They had brought him back to Lila's place, a small apartment on the fifth floor of a building forgotten by the world. The door was reinforced with psychic charms she had drawn herself—circles of silence, symbolic phrases, mental anchors.
She called it her anchoring shelter.
Kelvin had fallen asleep on the couch, his nerves frayed. Lila had stayed up to watch over him.
Around four in the morning, the boy had woken up with a start.
He screamed at first. But she calmed him gently. Kelvin approached without sudden movements.
"You're safe. For now," he told him.
The boy had large hazel eyes, expressionless, as if something had been erased. He looked about fifteen. But his gaze was that of an old man, broken too soon.
"What's your name?" Lila asked softly.
He blinked. Slowly.
"I… I don't know."
Kelvin and Lila exchanged a worried glance.
"You don't remember anything? Where you're from? Your parents? Your school?"
"No. Nothing. Just…"
He closed his eyes. Tears rolled down his cheeks.
"A dark room. Voices repeating... 'You are nothing. You are useless. You are a mistake.' Again and again. And eyes. Red eyes."
Lila sat in silence, arms crossed.
"That's not a normal shadow. It ate his memories… as if it wanted to reset him."
Kelvin stepped closer.
"Do you remember a word? A name? A place? Even a dream?"
The boy hesitated… then whispered:
"K-13."
Lila frowned.
"What's that?"
"I don't know. But… it was written on a wall, in the dark room. In red."
Kelvin immediately noted the detail in his notebook. He felt that this "K-13" was more than just a code. It was a key. Maybe a place. Maybe an experiment.
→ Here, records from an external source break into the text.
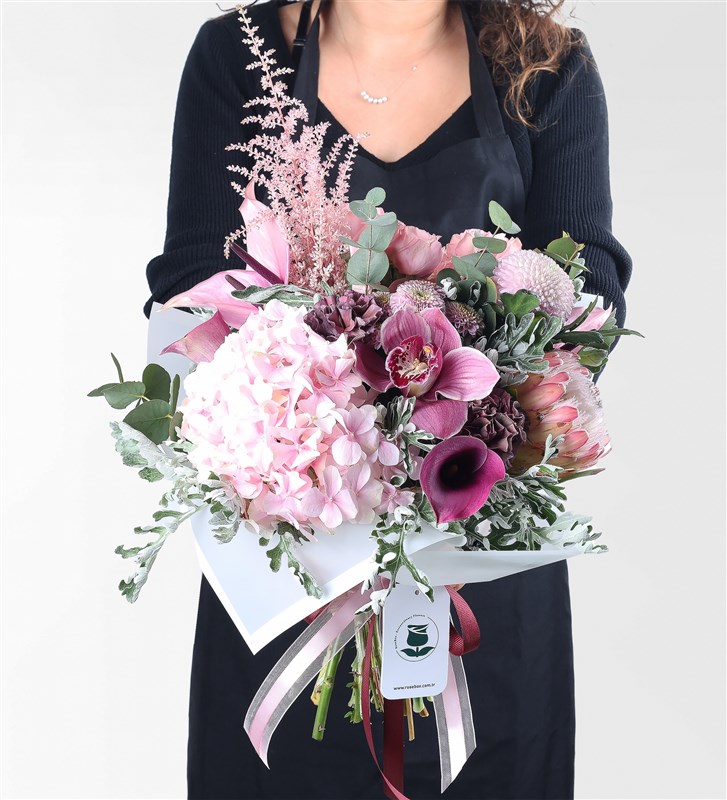 Pembe Gala, Protea, Orkide Ve Ortanca Buketi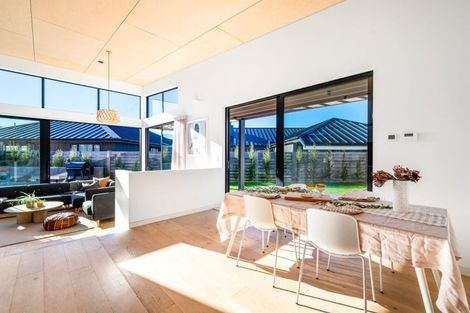 Photo of property in 17 Doug Ledgerwood Drive, Wanaka, 9305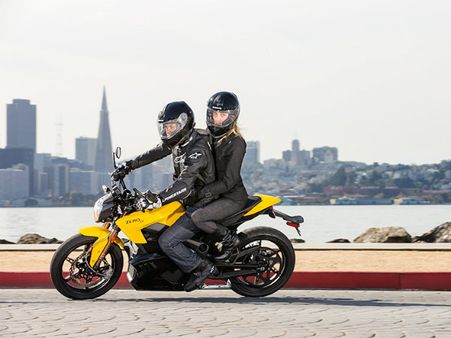 આ બાઇકને જોઇને રહી જશો દંગ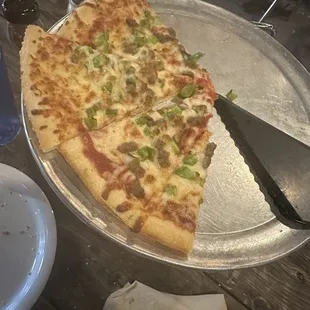 The medium pizza with sausage and green bell peppers was delicious!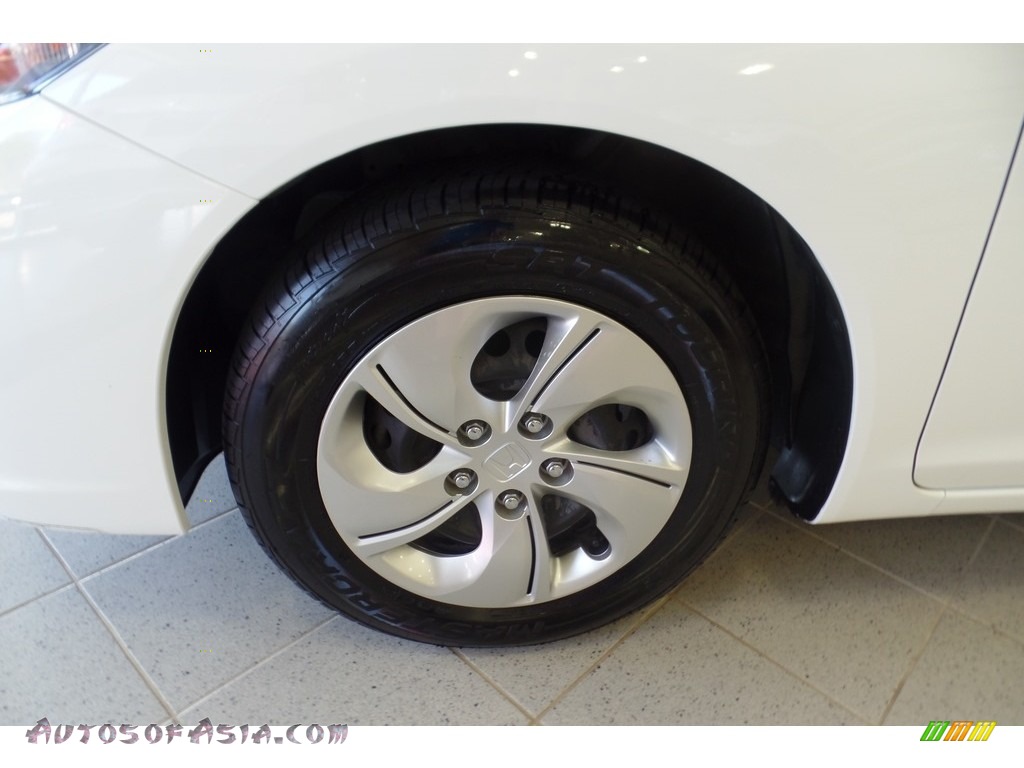 2015 Civic LX Sedan - Taffeta White / Beige photo #34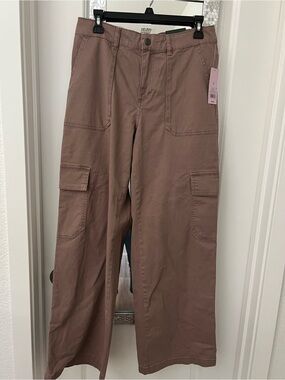 Women’s Cargo Wide-Leg Pants in Mauve Taupe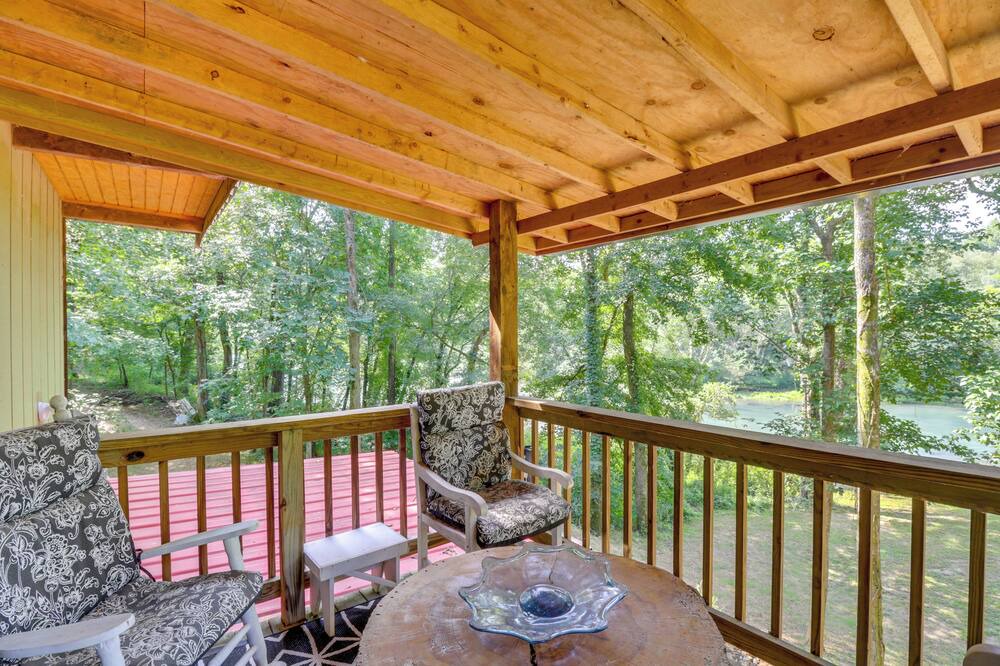 Photo of Patio Balcony in Wilburn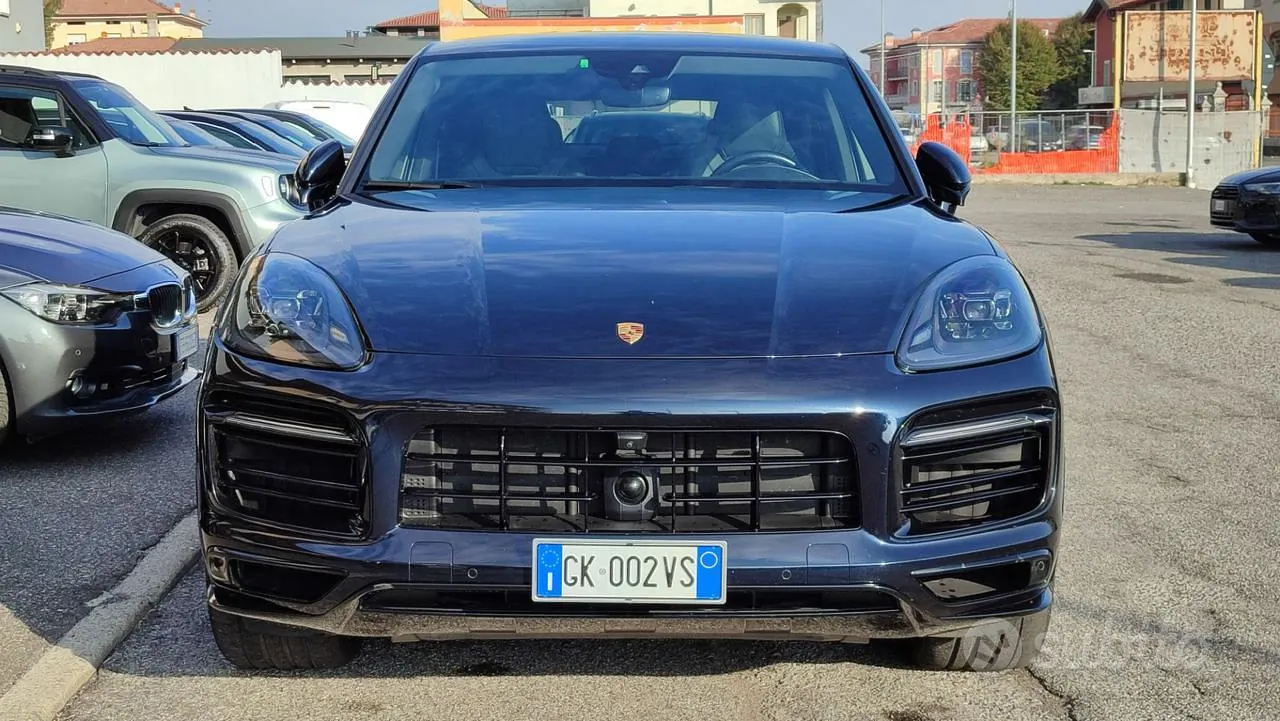 Porsche Cayenne 2022 photo 2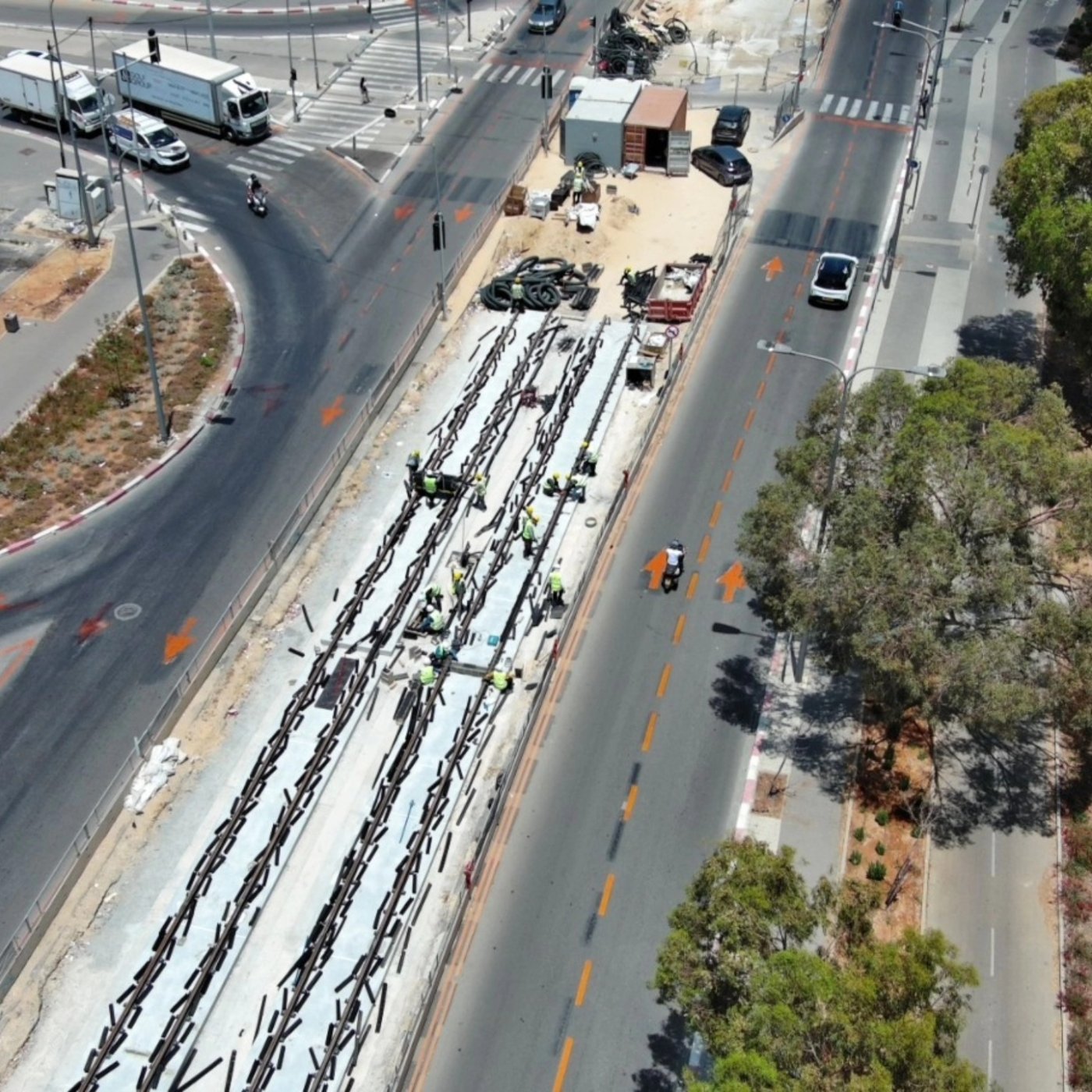 הונחו מאות מטרים של מסילת רכבת במערב ראשון לציון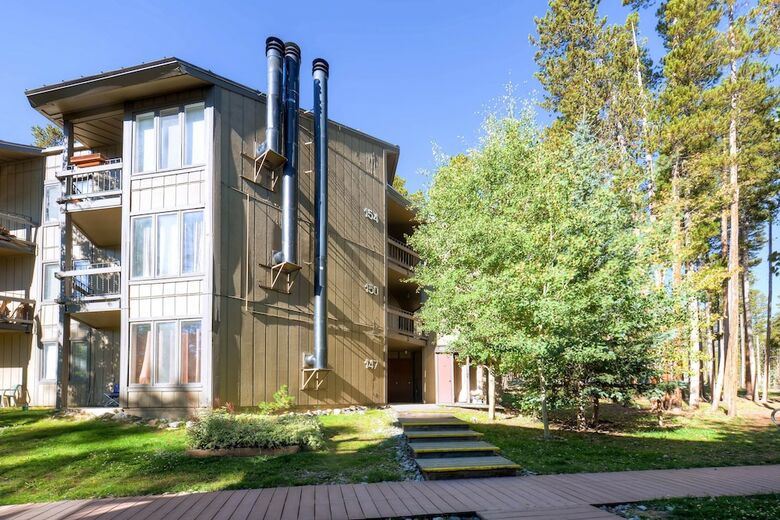 Gold Camp Condominiums By Crmr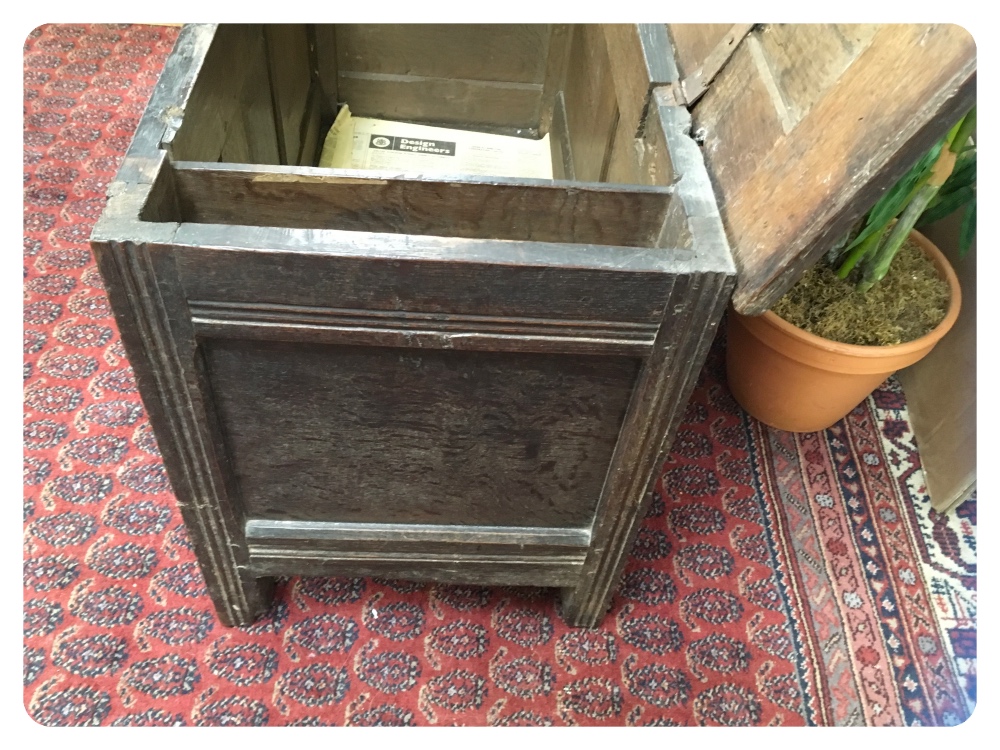 18TH CENTURY OAK COFFER IN SMALL FORM, - Image 7 of 7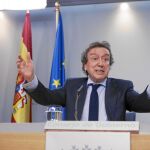 El consejero de Presidencia, José Antonio de Santiago Juárez, en rueda de prensa
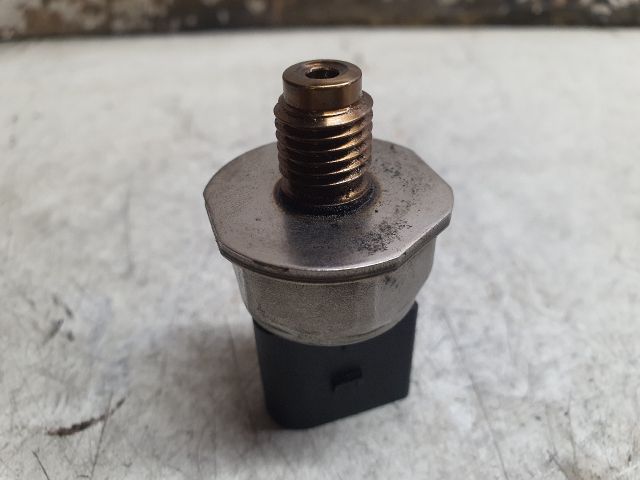 bontott MERCEDES-BENZ C-CLASS Nyomásszabályzó Szelep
And maybe... an organization.
Lila looked at the boy, then at Kelvin.
"The Thinking Beasts… and now this. We're at the heart of something bigger. Something structured."
Kelvin murmured:
"They're not born by accident. Someone's pushing them into existence. Maybe even creating them."
A heavy silence fell over the room.
The boy looked at them, anxious.
"Are… you going to leave me?"
Kelvin placed a hand on his shoulder.
"No. You're one of us now."
"One of you?" he whispered.
"We don't have a name yet. No base. No plan. Just one certainty: we don't want to run anymore. And we won't let anyone fall alone."
Lila gave a faint smile.
"You can stay here for now. We'll help you rebuild yourself. And maybe… remember."
The boy nodded. And for the first time, his eyes lost a bit of their emptiness.
Kelvin, meanwhile, already felt his shadow stir. The word K-13 had awakened something in his subconscious. An image. The sound of metal. Muffled screams.
A blurry memory… that might not even be his own.